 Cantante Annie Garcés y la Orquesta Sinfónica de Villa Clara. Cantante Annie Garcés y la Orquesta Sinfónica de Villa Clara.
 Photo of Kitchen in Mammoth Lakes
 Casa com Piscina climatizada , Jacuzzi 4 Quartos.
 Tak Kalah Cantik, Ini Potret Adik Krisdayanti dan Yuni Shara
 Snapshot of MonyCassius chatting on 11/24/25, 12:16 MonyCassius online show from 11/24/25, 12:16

•••

> About this exercise
Your task is to output the material above exactly.

> Exercise solution
 Cantante Annie Garcés y la Orquesta Sinfónica de Villa Clara. Cantante Annie Garcés y la Orquesta Sinfónica de Villa Clara.
 Photo of Kitchen in Mammoth Lakes
 Casa com Piscina climatizada , Jacuzzi 4 Quartos.
 Tak Kalah Cantik, Ini Potret Adik Krisdayanti dan Yuni Shara
 Snapshot of MonyCassius chatting on 11/24/25, 12:16 MonyCassius online show from 11/24/25, 12:16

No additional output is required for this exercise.